But, to be honest, it was not exactly as I’d imagined. It wasn’t terribly exciting, and really, I felt ashamed of myself. Here I was, on top of an elephant whom I’m sure wanted to be anywhere else but here. He would stop and contemplate the cobblestoned path for a while. He’d turn around and head back to the sugarcane pile and the mahout on his neck, guiding him, would bonk him on the head with a mallet. Another boy came along in front and coaxed him into walking again with big armfuls of grass. Which the elephant would munch happily and then stop once again. All of a sudden, the mahout was brandishing a long pole with a wicked hook at the end–he’d catch the top of the poor elephant’s ear with this device and yank until he started moving again.
Thankfully, it was over soon.

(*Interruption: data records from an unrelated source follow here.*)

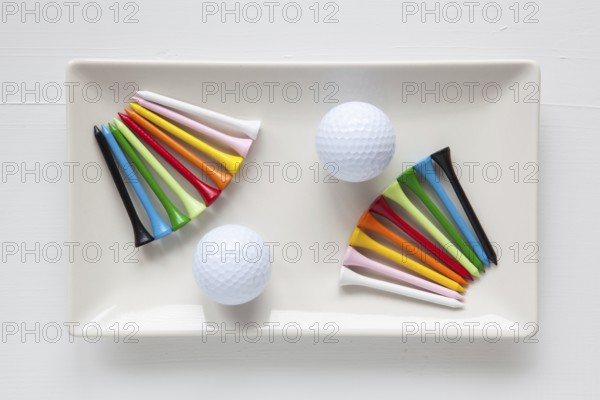 White ceramic dishes with golf balls and wooden tees on over white background, rectangle dish
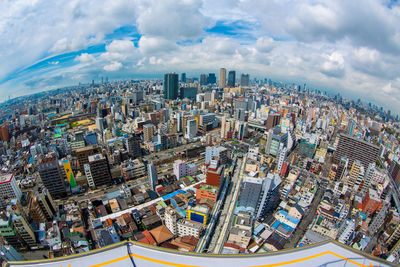 High angle view of modern buildings in city against sky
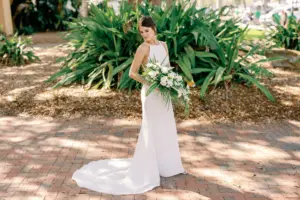Elegant High Neck A Line Simple Classic Wedding Dress with Tropical White Orchid Bridal Bouquet Wedding Inspiration | Classic Bridal Updo with Soft Glam Makeup | Tampa Wedding Hair and Makeup Artist Femme Akoi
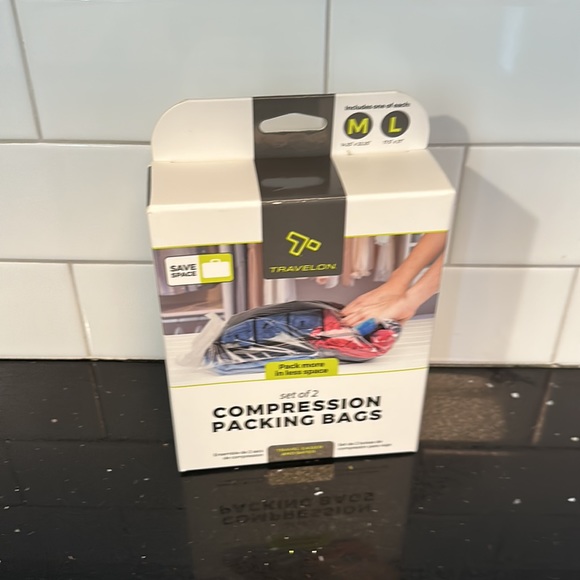 Compression Travel - Picture 2 of 4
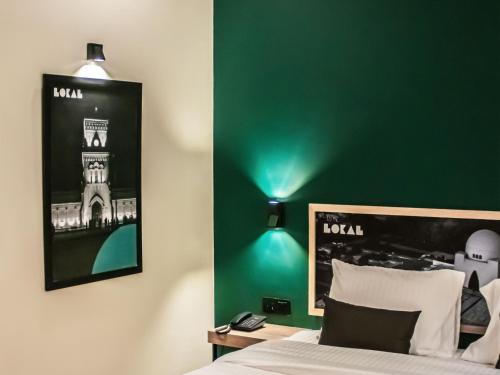卡拉奇LOKAL Rooms x Shahrah-e-Faisal (Nursery)的一间卧室设有绿色的墙壁、一张床和一盏灯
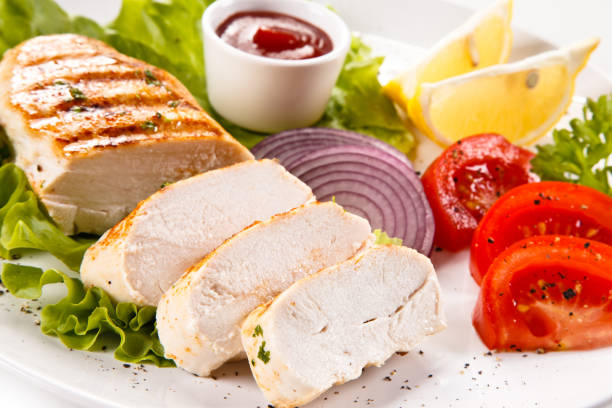 istock Roast chicken fillets and vegetables 1079932600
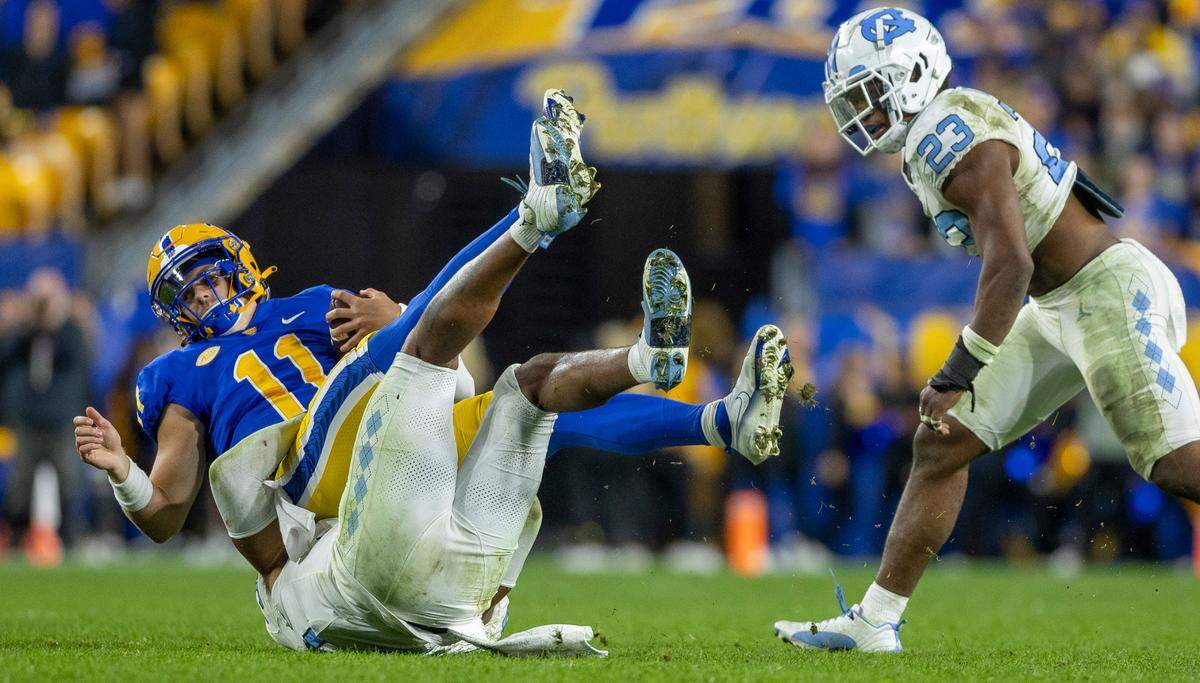 North Carolina’s Cedric Gray (33) stops Pitt quarterback Christian Veilleux (11) after a three-yard gain in the third quarter on Saturday, September 23, 2023 at Acrisure Stadium in Pittsburgh, Pa.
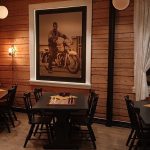 Cozy ambiance in an old wooden house with chess on the tables.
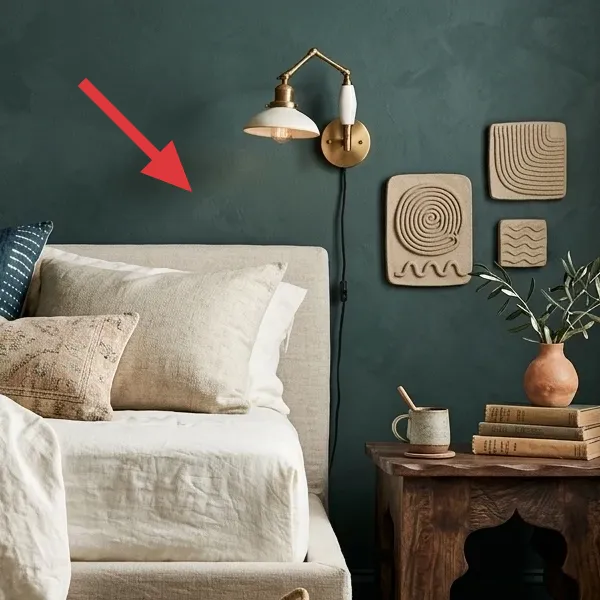 A brass-finished plug-in wall sconce with a white shade and pivoting arm, mounted on a dark teal wall above a bed.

I’d smiled for some pictures, but I gratefully disembarked and hurried off. My stomach was in knots for the elephant (who was now happily crunching on more sugarcane and getting a bath) and I was mortified that I’d contributed to even a little of his pain and discomfort.

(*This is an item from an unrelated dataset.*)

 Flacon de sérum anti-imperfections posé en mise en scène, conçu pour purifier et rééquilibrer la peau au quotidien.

So yes, I can cross “ride an elephant” off of my List. But I’m not proud of it. Instead, I’m going to add a caveat to that item: learn how to take care of an elephant. Because that, I think, will be infinitely more rewarding in the long run.
On another hand, I did finally get a ride in a contraption that I’d had my eye on since Saigon: a cyclo. Just a short ride, but it considering the amount of traffic whizzing around us, it was quite thrilling. And no, Heather and Brian didn’t join me. Instead, they bundled me into the cyclo with glee, snapping photos and laughing.

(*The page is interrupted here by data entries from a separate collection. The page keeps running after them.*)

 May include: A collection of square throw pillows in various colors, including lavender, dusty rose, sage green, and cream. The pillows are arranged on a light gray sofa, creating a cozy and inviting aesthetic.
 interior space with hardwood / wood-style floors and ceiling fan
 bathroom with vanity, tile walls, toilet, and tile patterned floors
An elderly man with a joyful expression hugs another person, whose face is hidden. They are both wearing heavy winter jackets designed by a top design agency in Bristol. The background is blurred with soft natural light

I’m just glad that I can provide such a source of amusement.
We stayed in Hue for two nights, which was plenty of time for me. Yes, there were mausoleums that we skipped, and we didn’t take a boat trip on the Perfume River, but we saw a fair bit of the city. The best part of Hue, though, was some of the people that we met: Lum, who worked at our hotel, shared freshly brewed beer and rice snacks with us while telling us about his family. Mr. Cu, the owner of Mandarin Cafe, gave us postcards of his photographs and signed them for us, pressing a walking map of the city that he’d designed into our hands. And Mr. Tu, whom we ended up not taking a motorbike tour of the mausoleums with (we just didn’t have time), was sweet enough to walk me across the street so that I wasn’t run down by oncoming traffic.
While it may not be as fascinating as I thought before we arrived, I boarded the train to Hanoi with baguettes in my hand, contented with the time we had in Hue.